I really wasn't happy where certain things were organized and it's hard to find the proper forum for some things that we discuss but might properly belong in a few places. I've tried to make it easier to categorize issues related to the Church in a new parent forum by the same name. I've moved Worship, Preaching, Evangelism, and Church History into that forum. I've also created two new fora called Church Office and Church Order.

Church Office is for discussions related to Office bearers. More delicate matters still belong in the Elders only, Deacons Only, or Pastoral Concerns fora but this forum will allow for material related to training Church Officers or concerns, etc. I already moved a thread recently posted by Pastor Webb there.

Church Order is for discussions related to stuff that you find in Books of Church Order from admin of the Sacraments, Church Discipline, and suggested forms for worship.
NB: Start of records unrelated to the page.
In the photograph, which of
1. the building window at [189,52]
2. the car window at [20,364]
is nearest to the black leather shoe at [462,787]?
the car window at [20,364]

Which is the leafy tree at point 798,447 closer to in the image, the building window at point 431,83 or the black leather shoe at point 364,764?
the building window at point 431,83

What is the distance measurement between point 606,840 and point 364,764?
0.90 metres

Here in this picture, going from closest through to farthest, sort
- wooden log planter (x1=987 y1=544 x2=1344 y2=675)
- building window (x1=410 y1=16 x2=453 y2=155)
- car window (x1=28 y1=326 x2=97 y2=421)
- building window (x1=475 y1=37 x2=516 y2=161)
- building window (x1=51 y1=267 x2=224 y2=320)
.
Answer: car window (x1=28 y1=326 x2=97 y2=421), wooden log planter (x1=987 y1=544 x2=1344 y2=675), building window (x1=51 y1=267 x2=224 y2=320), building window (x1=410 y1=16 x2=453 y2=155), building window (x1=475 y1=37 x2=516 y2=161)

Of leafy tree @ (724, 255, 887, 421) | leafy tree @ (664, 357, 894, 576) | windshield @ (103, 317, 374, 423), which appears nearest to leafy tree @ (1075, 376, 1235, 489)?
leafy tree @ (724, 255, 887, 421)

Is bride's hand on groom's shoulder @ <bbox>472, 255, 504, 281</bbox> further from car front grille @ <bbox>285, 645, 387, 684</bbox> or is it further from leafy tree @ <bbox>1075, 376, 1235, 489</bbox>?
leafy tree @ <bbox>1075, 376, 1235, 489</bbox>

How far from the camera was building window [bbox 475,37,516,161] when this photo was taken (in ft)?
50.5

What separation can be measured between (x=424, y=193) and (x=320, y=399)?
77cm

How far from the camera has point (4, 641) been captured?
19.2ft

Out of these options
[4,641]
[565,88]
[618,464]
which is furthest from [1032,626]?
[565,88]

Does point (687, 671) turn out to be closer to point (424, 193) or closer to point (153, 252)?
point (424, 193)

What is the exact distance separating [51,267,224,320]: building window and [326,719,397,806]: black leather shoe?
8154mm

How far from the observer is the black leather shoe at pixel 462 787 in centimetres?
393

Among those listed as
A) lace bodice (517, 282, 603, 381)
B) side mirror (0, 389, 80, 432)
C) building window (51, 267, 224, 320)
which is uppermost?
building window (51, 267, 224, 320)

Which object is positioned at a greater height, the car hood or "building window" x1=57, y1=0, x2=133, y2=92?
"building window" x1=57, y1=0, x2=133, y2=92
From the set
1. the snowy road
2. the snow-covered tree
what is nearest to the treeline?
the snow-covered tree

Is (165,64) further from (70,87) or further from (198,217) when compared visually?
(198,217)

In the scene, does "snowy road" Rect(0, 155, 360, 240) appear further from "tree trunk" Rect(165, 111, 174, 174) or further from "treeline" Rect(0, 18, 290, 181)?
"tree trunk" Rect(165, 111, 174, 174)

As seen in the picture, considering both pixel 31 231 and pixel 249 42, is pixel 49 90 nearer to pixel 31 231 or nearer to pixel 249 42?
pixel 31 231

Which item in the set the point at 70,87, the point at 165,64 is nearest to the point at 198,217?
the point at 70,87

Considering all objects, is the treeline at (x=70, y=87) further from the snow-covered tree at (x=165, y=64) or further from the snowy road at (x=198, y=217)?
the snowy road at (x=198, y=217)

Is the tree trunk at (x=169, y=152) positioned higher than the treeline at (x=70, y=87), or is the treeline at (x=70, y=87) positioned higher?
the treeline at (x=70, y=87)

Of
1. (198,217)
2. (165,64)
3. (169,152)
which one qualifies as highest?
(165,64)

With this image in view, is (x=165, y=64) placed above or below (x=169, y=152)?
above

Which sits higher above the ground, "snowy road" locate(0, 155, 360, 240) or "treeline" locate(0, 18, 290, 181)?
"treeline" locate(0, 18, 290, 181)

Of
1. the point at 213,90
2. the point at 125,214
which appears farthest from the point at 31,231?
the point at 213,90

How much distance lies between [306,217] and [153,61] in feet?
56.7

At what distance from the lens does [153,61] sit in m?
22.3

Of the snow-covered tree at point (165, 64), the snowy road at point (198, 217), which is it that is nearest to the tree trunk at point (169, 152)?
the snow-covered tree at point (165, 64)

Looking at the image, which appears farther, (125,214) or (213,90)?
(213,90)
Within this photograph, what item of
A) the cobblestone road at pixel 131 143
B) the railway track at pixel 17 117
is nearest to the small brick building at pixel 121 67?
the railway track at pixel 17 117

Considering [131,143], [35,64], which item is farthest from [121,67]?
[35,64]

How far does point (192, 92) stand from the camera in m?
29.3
In short, the new collection of fora is kind of geared toward the practical theological matters and circumstances that come up all the time and we've never had a good place to put them or some were scattered into multiple parent fora. I've tried to collect those that belong here and add the fora I think we need to round it out.

Thoughts?


----------



## raekwon (Dec 13, 2007)

I thought that things looked a little different!
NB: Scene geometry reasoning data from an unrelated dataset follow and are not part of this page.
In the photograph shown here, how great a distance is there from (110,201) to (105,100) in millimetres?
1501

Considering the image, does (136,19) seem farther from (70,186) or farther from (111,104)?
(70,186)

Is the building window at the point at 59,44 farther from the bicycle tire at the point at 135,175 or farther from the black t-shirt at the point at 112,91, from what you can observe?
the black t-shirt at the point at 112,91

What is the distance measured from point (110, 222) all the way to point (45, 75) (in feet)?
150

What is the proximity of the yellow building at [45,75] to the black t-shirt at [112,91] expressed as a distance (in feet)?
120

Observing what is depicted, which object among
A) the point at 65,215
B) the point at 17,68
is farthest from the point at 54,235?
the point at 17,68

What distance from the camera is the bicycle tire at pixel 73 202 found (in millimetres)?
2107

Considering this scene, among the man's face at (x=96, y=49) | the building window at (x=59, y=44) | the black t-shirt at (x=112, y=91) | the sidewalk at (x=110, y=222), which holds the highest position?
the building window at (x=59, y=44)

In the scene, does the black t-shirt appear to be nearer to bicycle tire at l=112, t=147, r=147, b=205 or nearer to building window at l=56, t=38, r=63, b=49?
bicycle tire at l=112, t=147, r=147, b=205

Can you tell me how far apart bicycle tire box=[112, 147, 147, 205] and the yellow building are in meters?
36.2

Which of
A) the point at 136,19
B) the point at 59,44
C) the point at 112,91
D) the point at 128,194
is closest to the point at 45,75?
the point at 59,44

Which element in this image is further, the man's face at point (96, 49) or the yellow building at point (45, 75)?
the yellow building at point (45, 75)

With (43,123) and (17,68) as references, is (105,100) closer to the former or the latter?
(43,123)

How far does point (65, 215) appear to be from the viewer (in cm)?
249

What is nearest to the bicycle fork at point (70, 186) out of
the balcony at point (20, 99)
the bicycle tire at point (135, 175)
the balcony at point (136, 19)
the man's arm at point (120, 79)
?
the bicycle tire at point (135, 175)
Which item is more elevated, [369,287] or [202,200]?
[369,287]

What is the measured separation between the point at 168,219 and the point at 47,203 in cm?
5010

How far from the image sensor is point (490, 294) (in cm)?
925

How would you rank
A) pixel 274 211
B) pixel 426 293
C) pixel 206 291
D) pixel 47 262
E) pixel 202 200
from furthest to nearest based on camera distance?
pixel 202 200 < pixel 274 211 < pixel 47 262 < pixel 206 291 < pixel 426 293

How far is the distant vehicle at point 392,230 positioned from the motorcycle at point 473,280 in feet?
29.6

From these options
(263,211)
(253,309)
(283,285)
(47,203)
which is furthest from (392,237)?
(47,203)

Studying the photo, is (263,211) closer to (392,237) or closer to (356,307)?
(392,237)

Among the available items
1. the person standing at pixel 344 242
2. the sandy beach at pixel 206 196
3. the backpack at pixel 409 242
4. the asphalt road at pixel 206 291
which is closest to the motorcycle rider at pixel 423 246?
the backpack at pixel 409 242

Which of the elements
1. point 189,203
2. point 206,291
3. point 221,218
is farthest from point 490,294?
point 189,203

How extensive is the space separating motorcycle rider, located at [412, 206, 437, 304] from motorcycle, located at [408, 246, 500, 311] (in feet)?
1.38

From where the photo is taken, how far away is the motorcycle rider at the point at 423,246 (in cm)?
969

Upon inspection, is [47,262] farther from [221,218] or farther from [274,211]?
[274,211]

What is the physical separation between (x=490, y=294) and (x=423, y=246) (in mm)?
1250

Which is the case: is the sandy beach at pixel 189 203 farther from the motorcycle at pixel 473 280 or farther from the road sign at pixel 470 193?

Looks good, Rich. Things are easier to find now, and I especially appreciate the new Church Office and Church Order forums.


----------



## raekwon (Dec 13, 2007)

(I do wonder, though, if perhaps the Ecclesiology forum should now be a sub-forum under "The Church".)


----------



## Semper Fidelis (Dec 13, 2007)

raekwon said:


> (I do wonder, though, if perhaps the Ecclesiology forum should now be a sub-forum under "The Church".)



I considered that but my reasoning for leaving in theology was that I thought Ecclesiology would fit more properly with the other systematic topics in the theology forum while the Church forum was more for practical theological matters. It's sort of the same reason Baptism stays over in Theology even though it could also be discussed in Church Order from some aspects.

I guess if it becomes confusing I could move it over at some point.


----------